Later he couldn’t remember: was it one hour or two before he’d succumbed to panic, began to miss the light as it would appear naturally, to fear that he would never see it again. How much time until he had tried to make a call but couldn’t recognize the symbols on his touch screen, and curled his knees into his ribs and began praying for the migraine to hit. His pleas were absent of God; he was petitioning himself, scouring his mind for the corrective mechanism. But the headache didn’t come until dark, and when it did it took hold with the swift efficiency of a team of movers: whole parts of his body emptied in minutes.

He had eventually managed the three emergency digits, had heard himself report that one side of his face and half his torso and left arm were not responsive, heard himself describe his symptoms with the clinical acuity he’d developed as a strange child studying the habits of backyard birds. While he waited, he looked around his apartment politely, like an uncomfortable guest early for dinner.

The medical term for the type of stroke he’d had, he’d learn later, was a migrainous infarction, something signaled by changes in sensorium that persisted too long. He arrived home from the hospital, bit off the patient bracelet with his canine teeth, and didn’t speak for eight days.


G
IVEN HIS INABILITY
or unwillingness to work on anything new—the first being his own belief and the latter the suspicion of his crueler acquaintances—Thomas took to things he found beautiful in only the purest sense. For the first time in his life, he appreciated photographs of mountains, saturated paintings of cornfields. He liked to tell friends who called that he had misplaced his taste somewhere, that they could forward any and all snapshots of rainbows and glaciers his way. His growing fascination with Adeleine followed from this naturally.

She seemed made of words often paired together, and observing her helped Thomas to understand the hackneyed couplings: creamy skin, shining eyes, flowing hair. He hadn’t truly noticed her in the year and a half she’d been across the hall; perhaps he had found her perfection boring.
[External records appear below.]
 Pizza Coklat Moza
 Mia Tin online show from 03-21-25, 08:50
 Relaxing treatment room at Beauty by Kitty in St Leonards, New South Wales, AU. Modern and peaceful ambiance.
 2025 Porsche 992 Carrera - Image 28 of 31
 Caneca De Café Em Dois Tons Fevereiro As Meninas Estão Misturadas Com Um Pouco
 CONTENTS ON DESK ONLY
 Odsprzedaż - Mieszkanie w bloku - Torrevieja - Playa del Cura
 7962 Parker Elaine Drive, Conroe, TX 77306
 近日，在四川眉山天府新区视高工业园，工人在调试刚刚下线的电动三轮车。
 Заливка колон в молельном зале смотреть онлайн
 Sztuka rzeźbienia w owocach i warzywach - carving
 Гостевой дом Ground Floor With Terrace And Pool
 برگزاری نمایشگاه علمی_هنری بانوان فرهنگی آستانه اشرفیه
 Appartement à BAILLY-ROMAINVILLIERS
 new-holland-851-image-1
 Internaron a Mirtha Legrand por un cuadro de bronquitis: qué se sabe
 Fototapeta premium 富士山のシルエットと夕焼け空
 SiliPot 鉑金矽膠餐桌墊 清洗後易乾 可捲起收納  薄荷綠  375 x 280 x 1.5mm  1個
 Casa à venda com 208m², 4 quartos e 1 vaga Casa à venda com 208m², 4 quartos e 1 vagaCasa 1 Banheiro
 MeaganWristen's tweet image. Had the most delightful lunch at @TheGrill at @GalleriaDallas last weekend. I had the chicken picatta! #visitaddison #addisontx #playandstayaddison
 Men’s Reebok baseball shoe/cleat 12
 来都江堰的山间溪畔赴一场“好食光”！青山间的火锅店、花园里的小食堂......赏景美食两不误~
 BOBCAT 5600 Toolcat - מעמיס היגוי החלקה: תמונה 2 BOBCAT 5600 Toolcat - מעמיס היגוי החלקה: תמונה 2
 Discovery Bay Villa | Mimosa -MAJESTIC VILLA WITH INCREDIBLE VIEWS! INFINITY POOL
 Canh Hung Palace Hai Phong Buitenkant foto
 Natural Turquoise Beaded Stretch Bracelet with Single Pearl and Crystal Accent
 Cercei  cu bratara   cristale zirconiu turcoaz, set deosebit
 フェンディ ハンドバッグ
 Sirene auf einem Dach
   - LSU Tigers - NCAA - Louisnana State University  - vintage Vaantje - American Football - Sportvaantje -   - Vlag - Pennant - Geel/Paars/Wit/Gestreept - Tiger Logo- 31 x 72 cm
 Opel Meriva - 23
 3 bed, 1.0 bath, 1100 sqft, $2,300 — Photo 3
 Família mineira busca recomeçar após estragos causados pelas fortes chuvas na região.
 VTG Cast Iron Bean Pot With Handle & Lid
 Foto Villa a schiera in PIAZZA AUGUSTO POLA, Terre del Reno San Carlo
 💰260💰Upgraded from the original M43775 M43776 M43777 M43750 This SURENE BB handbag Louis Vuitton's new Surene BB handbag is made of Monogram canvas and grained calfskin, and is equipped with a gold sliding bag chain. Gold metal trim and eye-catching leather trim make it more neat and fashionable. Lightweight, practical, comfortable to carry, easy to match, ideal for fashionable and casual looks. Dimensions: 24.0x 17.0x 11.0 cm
The women who had stomped across his life before had always been jagged in their appearance and furtive in their intent: a sculptor who wore gray exclusively and brought him back to a charcoal-painted apartment twice a week for silent, brutal sex; a jilted pregnant woman with coarse eyebrows who only wanted to be held and fed; several who drank too much and stood by his canvases nodding before becoming bellicose and picking circular fights.

Adeleine was different: symmetrical and soft and glossy to an extent that didn’t seem naturally occurring, with cheeks that glowed like peaches in commercials and eyes as violet as industrial fireworks.

Even after he realized the extent of her beauty, Thomas had no interest in talking to her. He only wanted to watch, to fully appreciate the precision of her making. It helped that she never spoke or looked at him as she put out a bag of trash or opened the door for a deliveryman.

When her nighttime weeping began, he was blindsided by his vision having grown complex and animate and tried to will the noises away
.
The stroke had left him cold, and sometimes slowed reactions to other people’s pain, but the sounds coming from her body were without rhythm, impossible to become accustomed to and ignore, and he quickly felt moved to mollify them.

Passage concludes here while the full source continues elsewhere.